Lesson 2: One cannot characterize continuous distributions by facts about pointwise probabilities. It is tempting to characterize the uniform distribution by P(X=a)=P(X=b) (infinitesimal version, but similarly for conditional probabilities) and the nonuniform one by P(Y=a)=(a/b)P(Y=b). But in fact both could have the same pointwise properties. I find this lesson deeply puzzling. Intuitively, it seems that chances of aggregate outcomes (like the chance that X is between 0.1 and 0.2) should come out of pointwise chances.

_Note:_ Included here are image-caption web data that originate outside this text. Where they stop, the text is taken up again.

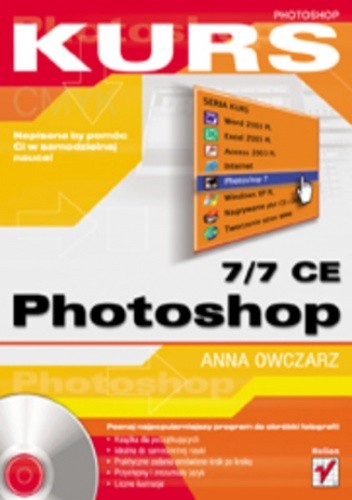 Photoshop 7/7 CE. Kurs - Anna Owczarz
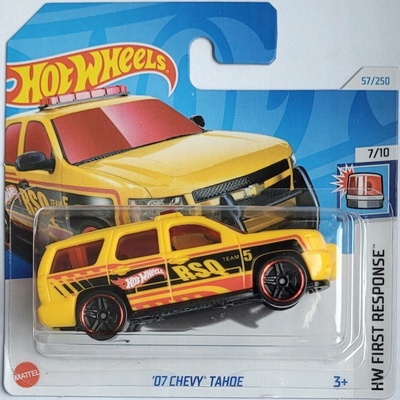Mattel Hot Wheels 07 Chevy Tahoe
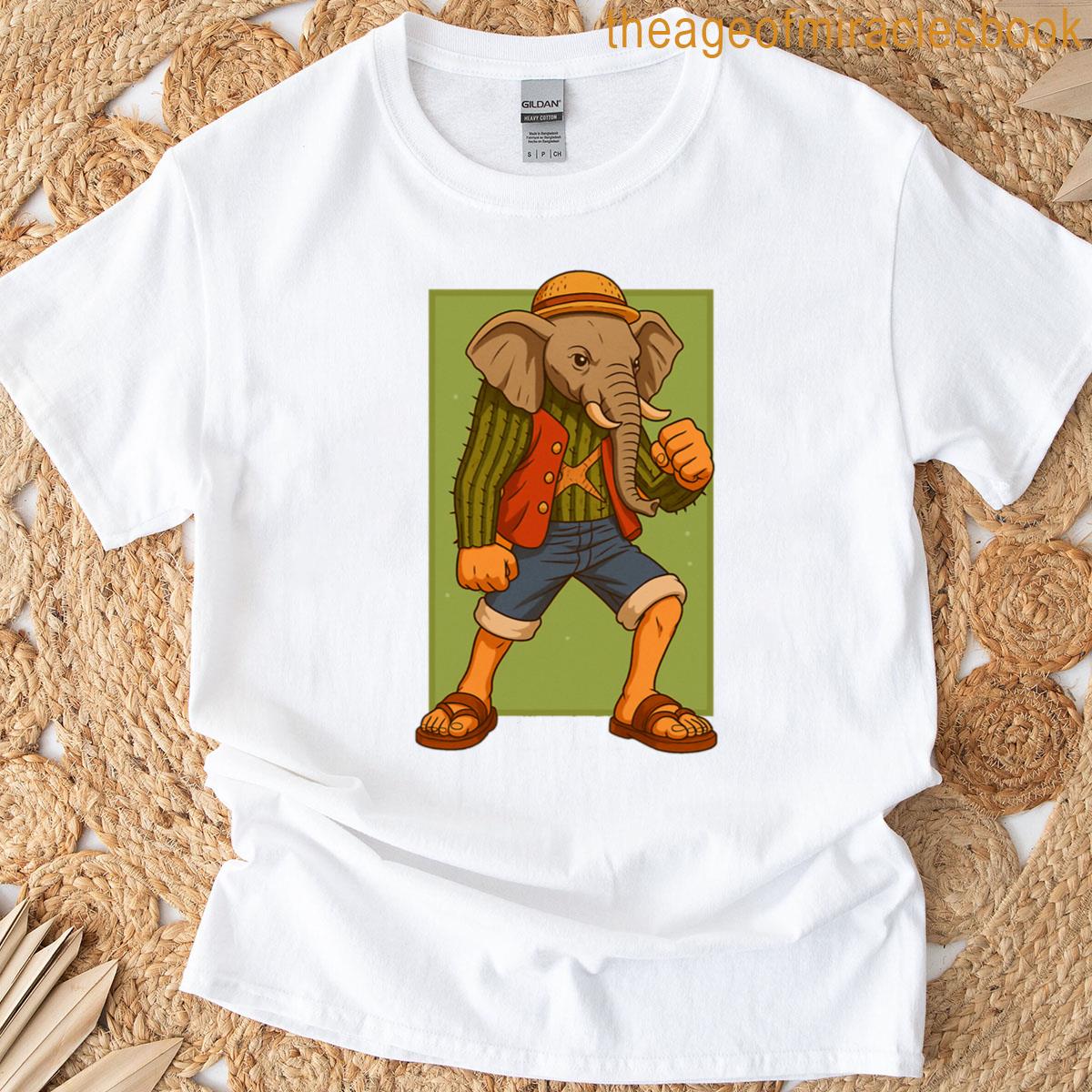 One Piece Oversized T-shirt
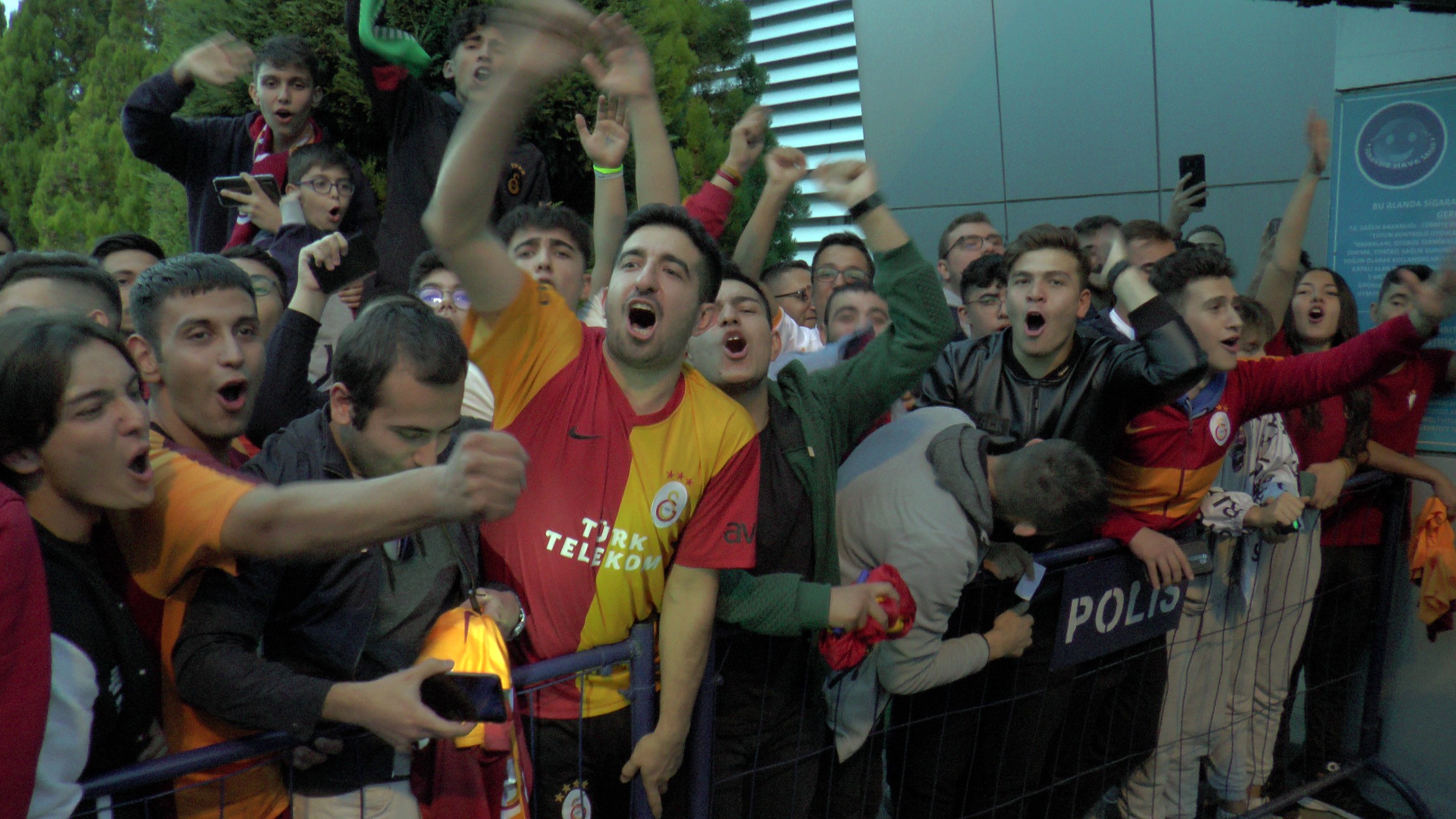 Galatasaray, Kayseri’ye geldi!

But no.
The converse characterization would also be problematic: pointwise facts can't be derived from the distribution facts. For imagine a random variable Z which is such that Z=X unless X=1/2, and Z=1/4 if X=1/2 (cf. this paper). This variable has the same distribution as X, but it has obviously different pointwise probability facts.
Regarding the final comment, in fact it's possible to get a random variable whose distribution is the same as Y's but whose pointwise infinitesimal (and I expect conditional--but I haven't worked that out) probabilities are plausibly more like we'd expect from the graph.
ReplyDeleteLet X be uniform and let X' be an independent copy of X. Let α = P(X=a) for all a, where α is infinitesimal. Let Y' = max(X,X'). Then it's pretty easy to check that Y' has the same probability distribution as Y. But pointwise, Y' is rather different from Y, when Y is as in the post. For it's easy to check that if we allow these infinitesimal calculations, then P(Y'=a) = 2aα + O(α^2), so to a first order approximation in α, we have exactly what the graph would lead us to think. On the other hand, P(Y=a) = α for all a.
I wonder if the pointwise data carries some additional information about a random process beyond what is carried by the distributional data. Or if the pointwise stuff is all nonsense. My previous work on infinitesimals suggests the pointwise stuff is junk, but perhaps the conditional probability version works better.
I know nothing about probability, and I can’t follow your whole post, but here is a probably worthless idea.
ReplyDeleteWe are confronted with two random variables X and Y, and we wonder how to think about them probabilistically. We do it this way: take a random sample of N values of X, where N is some finite number. The exact size of N doesn’t matter. Call the (non-continuous) variable describing the sample X*. Do the same for Y and Y*. I think it is now true to say that P(X*=0.1)=P(X*=0.2) while P(Y*=0.2)>P(Y*=0.1).
Then we say that for continuous variables, the probability properties are the properties of finite random samples of the variables.
This accords with what we intuitively want to say about the variables. I don’t know what all it would mess up.